▶ **DATA FOR THE TASK**
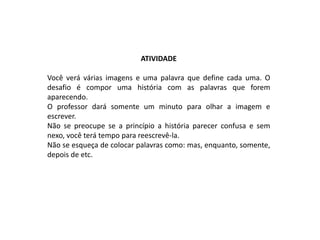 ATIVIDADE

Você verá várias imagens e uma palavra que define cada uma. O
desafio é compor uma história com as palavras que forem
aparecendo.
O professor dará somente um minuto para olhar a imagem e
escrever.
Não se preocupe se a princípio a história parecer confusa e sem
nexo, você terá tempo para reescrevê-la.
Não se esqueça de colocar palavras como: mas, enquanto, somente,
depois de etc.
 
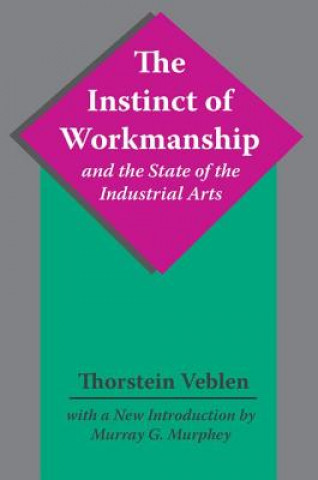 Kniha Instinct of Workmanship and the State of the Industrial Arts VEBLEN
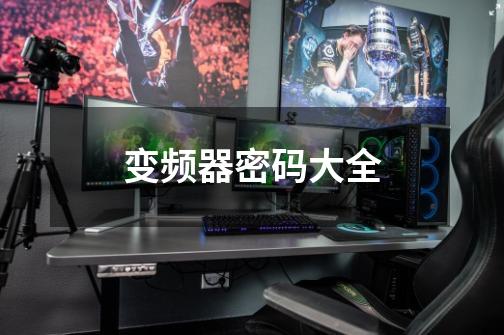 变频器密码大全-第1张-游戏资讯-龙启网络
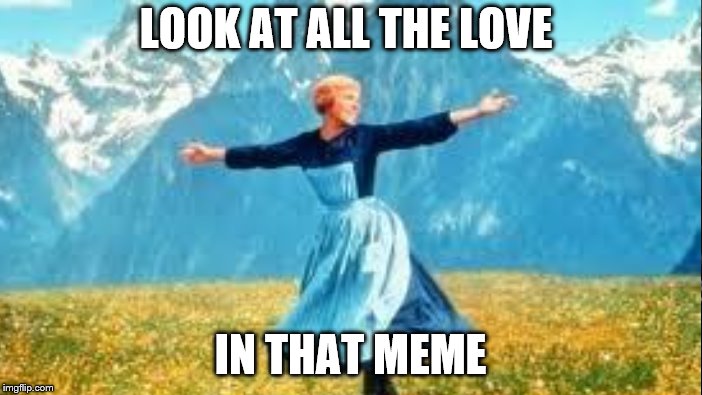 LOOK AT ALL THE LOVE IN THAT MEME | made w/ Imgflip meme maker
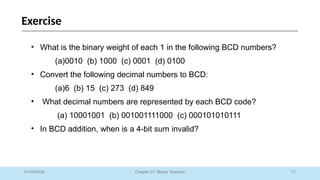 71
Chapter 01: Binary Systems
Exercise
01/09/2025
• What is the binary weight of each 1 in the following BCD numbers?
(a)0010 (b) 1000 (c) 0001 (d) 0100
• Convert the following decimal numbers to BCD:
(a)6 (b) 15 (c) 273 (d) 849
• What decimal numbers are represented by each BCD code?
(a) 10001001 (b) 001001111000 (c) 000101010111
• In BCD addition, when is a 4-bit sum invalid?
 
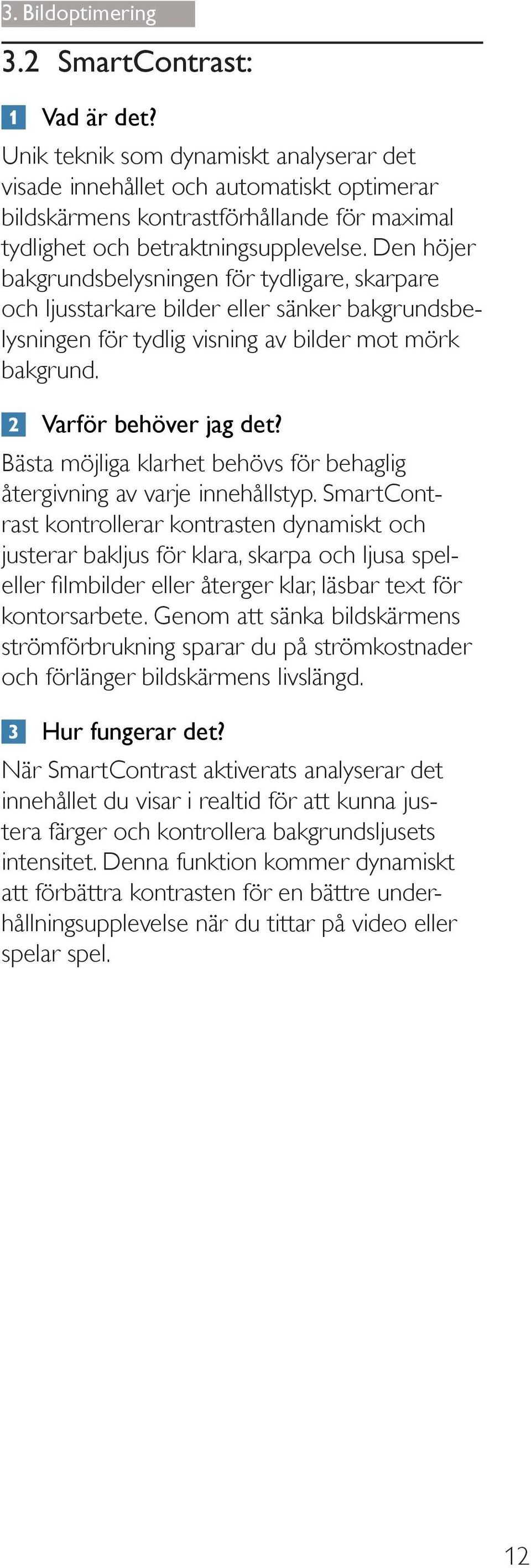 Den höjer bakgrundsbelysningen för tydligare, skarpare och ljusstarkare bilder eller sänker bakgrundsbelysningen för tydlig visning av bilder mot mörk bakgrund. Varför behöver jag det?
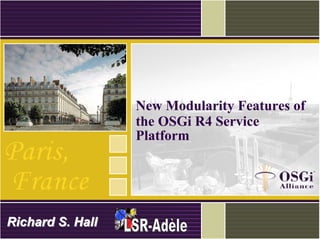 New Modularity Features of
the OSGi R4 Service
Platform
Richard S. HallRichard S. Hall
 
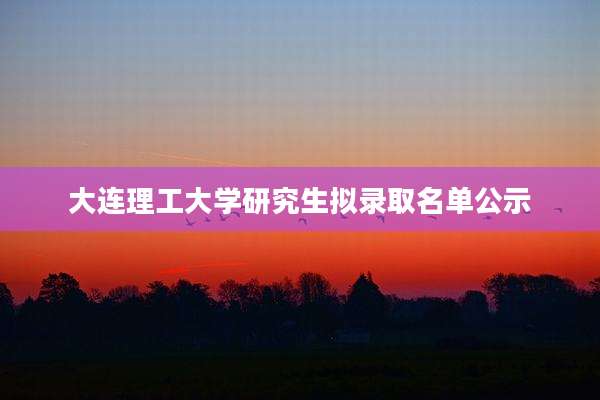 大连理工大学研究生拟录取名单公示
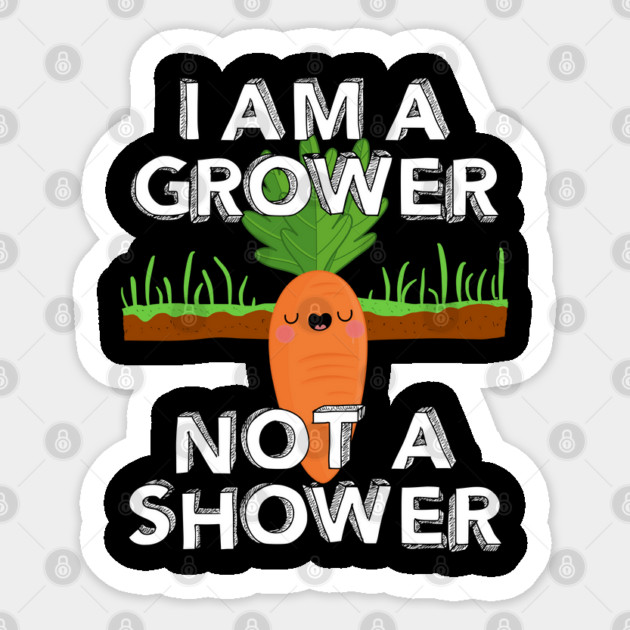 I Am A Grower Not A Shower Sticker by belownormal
--
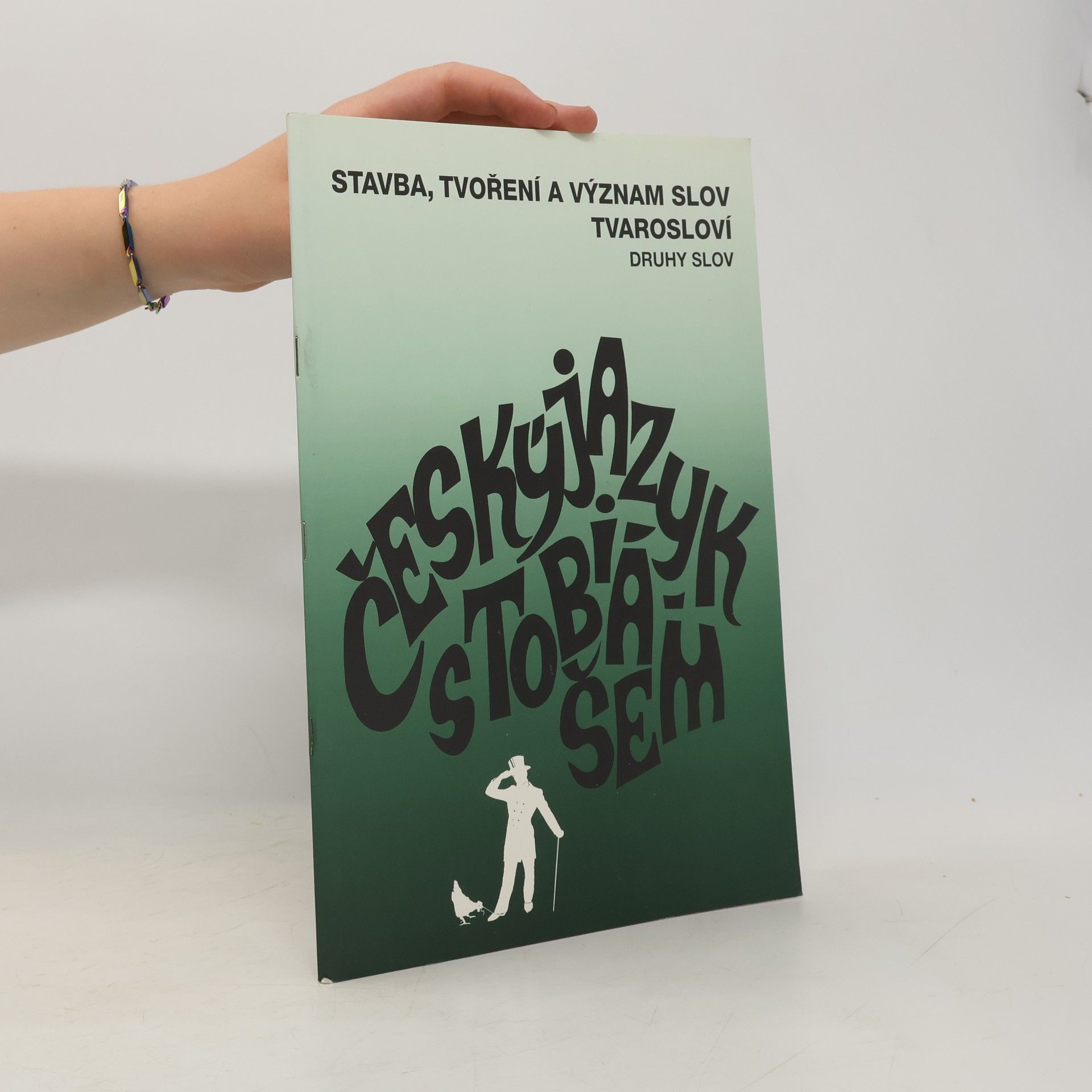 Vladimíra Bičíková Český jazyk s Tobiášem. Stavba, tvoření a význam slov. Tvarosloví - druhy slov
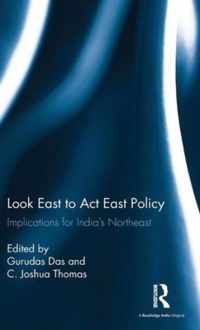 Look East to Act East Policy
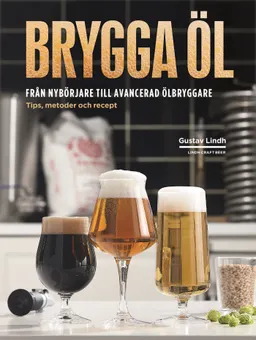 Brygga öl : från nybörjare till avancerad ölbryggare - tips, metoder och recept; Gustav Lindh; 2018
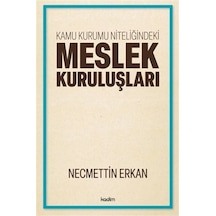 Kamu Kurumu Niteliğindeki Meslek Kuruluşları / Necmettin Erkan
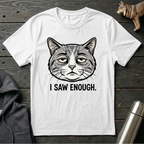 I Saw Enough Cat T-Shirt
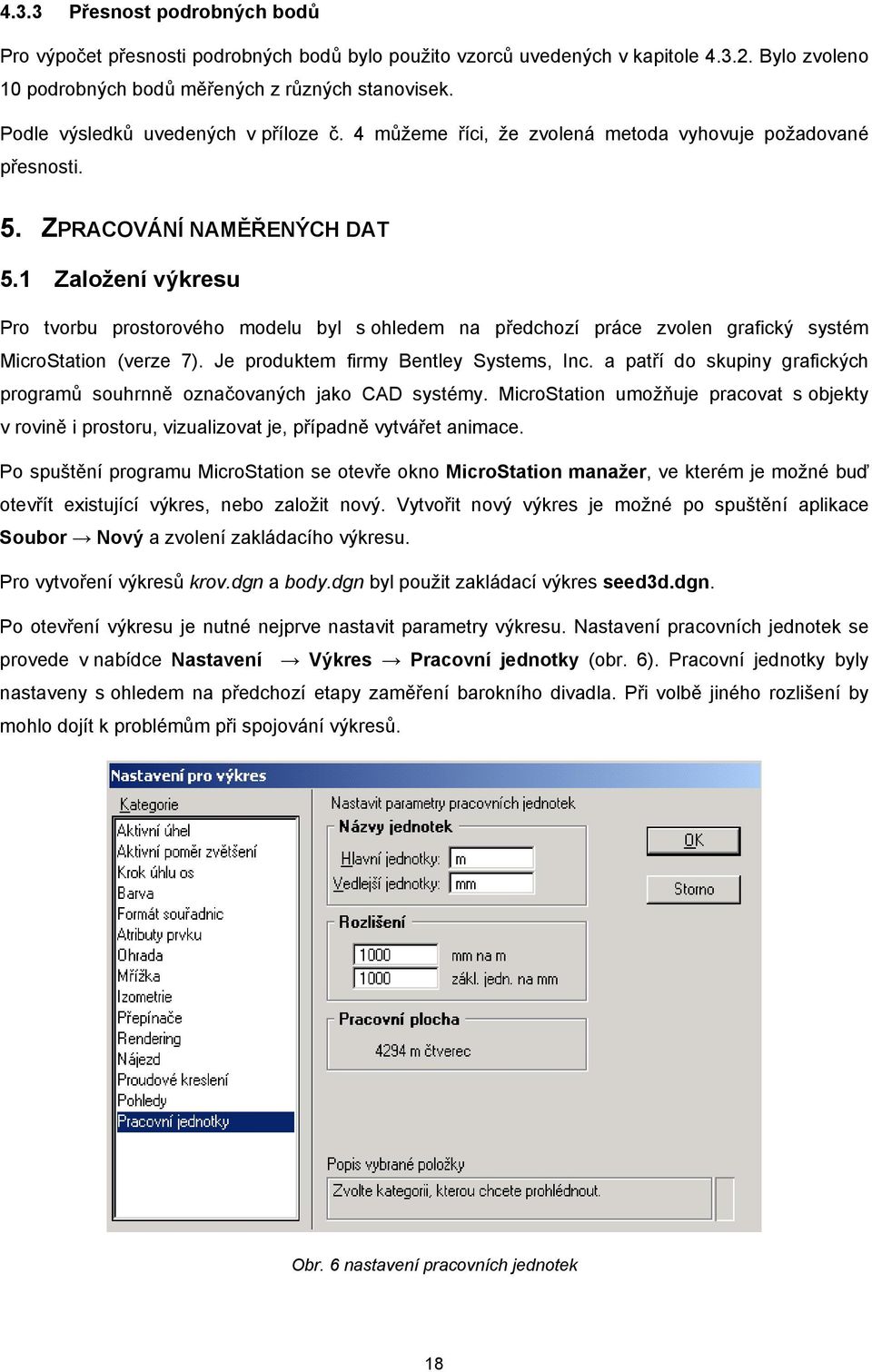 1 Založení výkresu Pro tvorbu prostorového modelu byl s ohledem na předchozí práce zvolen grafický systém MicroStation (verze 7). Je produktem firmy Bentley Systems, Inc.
--
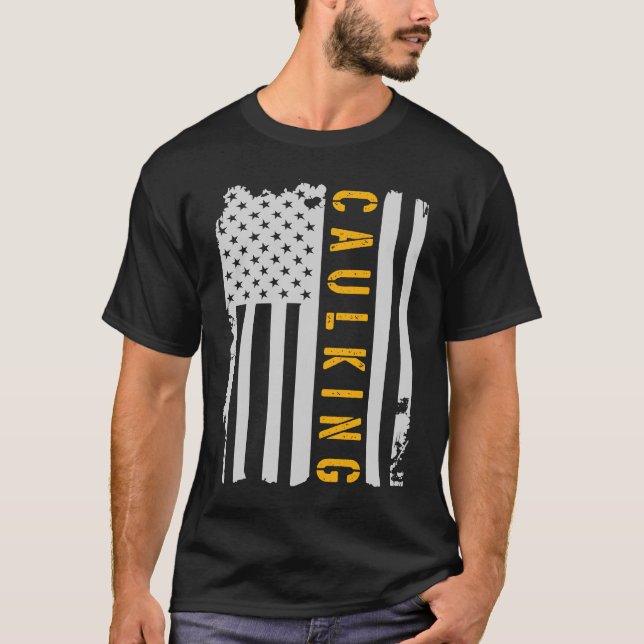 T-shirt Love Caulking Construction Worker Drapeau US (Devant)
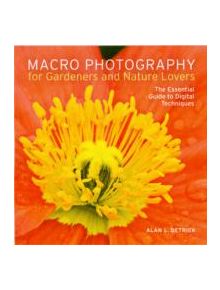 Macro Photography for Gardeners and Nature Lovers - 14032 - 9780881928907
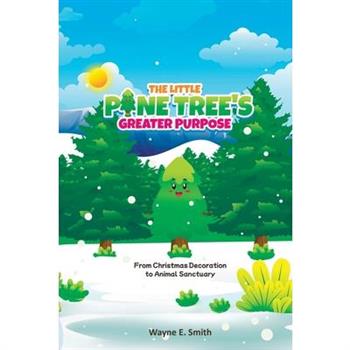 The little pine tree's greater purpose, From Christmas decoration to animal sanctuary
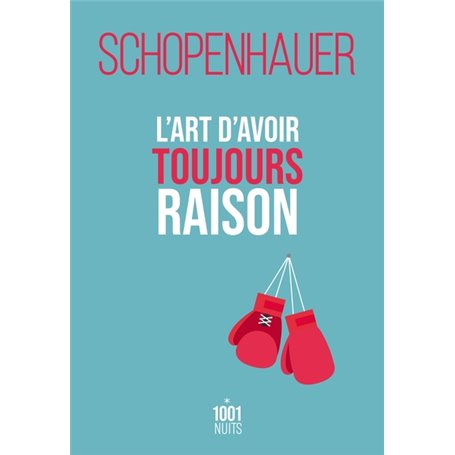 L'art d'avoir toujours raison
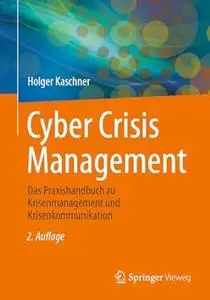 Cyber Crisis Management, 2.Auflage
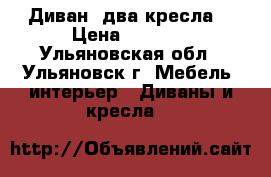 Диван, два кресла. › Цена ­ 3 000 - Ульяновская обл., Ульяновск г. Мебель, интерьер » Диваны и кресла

▶ **EXERCISE DETAILS**
In the listing above, find the line with "following BCD numbers?" and output every line through the one with "I Am A Grower", exactly, without the pictures.

▶ **ANSWER BOX**
• What is the binary weight of each 1 in the following BCD numbers?
(a)0010 (b) 1000 (c) 0001 (d) 0100
• Convert the following decimal numbers to BCD:
(a)6 (b) 15 (c) 273 (d) 849
• What decimal numbers are represented by each BCD code?
(a) 10001001 (b) 001001111000 (c) 000101010111
• In BCD addition, when is a 4-bit sum invalid?
 
 Den höjer bakgrundsbelysningen för tydligare, skarpare och ljusstarkare bilder eller sänker bakgrundsbelysningen för tydlig visning av bilder mot mörk bakgrund. Varför behöver jag det?
 New Modularity Features of
the OSGi R4 Service
Platform
Richard S. HallRichard S. Hall
 
 大连理工大学研究生拟录取名单公示
 I Am A Grower Not A Shower Sticker by belownormal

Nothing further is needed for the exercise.